To do: Identify each line below that contains the word "Breathable", and copy it out.
*** Working data Section Begins ***
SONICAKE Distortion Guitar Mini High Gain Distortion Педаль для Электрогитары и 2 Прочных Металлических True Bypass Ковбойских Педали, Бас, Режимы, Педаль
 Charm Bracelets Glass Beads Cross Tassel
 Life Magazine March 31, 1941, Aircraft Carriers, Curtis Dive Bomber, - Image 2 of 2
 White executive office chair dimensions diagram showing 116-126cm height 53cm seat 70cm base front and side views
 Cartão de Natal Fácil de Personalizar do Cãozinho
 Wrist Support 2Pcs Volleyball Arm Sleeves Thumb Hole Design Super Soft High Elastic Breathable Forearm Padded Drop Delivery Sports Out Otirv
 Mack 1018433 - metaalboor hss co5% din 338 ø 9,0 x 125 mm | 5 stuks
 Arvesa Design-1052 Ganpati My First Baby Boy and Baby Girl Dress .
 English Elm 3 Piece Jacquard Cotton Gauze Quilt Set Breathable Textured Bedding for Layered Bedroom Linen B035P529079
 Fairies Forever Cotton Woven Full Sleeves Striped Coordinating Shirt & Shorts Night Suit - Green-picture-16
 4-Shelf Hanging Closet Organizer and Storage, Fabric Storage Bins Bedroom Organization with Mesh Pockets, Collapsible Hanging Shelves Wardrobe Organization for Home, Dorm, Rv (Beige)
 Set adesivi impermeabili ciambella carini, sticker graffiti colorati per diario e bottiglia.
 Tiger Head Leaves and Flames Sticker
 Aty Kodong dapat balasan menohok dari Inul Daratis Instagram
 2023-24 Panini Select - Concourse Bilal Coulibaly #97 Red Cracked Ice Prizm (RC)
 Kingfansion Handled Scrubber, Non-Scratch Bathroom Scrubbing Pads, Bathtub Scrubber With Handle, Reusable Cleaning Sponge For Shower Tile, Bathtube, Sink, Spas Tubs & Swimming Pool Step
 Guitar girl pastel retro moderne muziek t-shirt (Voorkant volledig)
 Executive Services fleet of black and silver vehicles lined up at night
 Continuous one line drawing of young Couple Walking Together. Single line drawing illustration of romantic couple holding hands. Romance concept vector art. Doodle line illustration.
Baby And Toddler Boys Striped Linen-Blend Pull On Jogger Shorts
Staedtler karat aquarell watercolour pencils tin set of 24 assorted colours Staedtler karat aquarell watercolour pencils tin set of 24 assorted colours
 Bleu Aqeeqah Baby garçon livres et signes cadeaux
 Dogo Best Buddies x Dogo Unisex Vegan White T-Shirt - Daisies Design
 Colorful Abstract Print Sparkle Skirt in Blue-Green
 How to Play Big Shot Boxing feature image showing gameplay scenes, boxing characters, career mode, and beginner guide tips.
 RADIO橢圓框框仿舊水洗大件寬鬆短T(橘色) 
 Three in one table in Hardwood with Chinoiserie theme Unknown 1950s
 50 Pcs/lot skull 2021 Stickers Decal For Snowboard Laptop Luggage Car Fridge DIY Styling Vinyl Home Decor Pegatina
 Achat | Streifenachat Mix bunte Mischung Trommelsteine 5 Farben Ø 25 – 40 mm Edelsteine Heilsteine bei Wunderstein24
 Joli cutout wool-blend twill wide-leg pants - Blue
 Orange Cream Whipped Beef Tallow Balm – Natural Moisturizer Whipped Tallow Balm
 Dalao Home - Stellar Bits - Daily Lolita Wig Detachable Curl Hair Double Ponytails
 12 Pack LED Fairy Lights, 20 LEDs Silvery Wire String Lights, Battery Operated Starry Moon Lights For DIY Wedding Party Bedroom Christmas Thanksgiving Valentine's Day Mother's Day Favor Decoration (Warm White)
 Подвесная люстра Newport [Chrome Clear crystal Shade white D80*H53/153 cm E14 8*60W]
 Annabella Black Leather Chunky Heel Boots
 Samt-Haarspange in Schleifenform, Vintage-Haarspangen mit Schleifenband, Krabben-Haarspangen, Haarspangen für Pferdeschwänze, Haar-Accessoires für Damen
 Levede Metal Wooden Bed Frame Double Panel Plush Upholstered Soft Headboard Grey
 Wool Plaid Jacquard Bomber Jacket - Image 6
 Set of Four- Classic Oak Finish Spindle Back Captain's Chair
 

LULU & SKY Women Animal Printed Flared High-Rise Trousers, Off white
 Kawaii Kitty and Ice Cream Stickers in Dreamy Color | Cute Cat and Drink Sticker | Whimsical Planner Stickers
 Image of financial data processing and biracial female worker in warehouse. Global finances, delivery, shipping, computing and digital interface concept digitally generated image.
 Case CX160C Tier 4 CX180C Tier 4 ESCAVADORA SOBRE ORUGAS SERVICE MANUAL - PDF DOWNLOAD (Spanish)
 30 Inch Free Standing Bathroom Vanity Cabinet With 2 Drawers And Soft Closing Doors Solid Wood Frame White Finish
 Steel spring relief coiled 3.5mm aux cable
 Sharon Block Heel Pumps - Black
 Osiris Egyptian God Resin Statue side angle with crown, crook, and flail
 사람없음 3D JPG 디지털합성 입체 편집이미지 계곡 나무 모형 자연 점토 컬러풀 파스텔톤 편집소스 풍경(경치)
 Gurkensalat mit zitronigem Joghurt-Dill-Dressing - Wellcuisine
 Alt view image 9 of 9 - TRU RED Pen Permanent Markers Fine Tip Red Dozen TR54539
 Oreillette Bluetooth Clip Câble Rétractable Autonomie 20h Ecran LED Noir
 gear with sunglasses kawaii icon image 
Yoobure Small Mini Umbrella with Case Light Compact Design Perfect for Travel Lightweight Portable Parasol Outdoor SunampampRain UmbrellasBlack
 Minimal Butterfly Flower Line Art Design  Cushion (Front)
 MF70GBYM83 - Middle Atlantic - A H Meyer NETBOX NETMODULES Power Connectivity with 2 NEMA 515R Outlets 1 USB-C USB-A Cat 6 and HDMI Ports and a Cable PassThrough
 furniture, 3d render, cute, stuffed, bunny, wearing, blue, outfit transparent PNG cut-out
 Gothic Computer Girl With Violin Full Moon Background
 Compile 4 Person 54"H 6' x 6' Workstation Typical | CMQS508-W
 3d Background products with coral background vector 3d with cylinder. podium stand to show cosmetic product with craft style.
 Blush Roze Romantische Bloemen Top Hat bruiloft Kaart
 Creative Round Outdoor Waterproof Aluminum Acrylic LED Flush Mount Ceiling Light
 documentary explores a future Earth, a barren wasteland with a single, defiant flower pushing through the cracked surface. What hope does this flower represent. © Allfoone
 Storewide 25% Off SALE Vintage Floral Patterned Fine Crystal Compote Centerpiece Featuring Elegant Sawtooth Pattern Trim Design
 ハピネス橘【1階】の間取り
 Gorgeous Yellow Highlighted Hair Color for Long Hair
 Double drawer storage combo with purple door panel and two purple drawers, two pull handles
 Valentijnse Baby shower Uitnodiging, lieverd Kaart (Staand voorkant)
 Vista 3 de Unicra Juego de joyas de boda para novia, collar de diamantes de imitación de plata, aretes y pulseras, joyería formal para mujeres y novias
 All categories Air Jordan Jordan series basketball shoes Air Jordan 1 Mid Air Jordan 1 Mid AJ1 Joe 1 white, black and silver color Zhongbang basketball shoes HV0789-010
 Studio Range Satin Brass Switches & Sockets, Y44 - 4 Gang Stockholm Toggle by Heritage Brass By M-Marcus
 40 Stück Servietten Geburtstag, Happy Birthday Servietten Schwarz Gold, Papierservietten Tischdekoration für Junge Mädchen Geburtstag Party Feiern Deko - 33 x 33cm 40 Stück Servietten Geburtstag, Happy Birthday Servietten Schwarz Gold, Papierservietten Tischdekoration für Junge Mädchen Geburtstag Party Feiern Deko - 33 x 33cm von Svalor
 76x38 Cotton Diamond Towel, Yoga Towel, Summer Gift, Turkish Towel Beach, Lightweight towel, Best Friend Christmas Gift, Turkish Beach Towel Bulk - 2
*** Working data Section Ends ***
Completed task:
 Wrist Support 2Pcs Volleyball Arm Sleeves Thumb Hole Design Super Soft High Elastic Breathable Forearm Padded Drop Delivery Sports Out Otirv
 English Elm 3 Piece Jacquard Cotton Gauze Quilt Set Breathable Textured Bedding for Layered Bedroom Linen B035P529079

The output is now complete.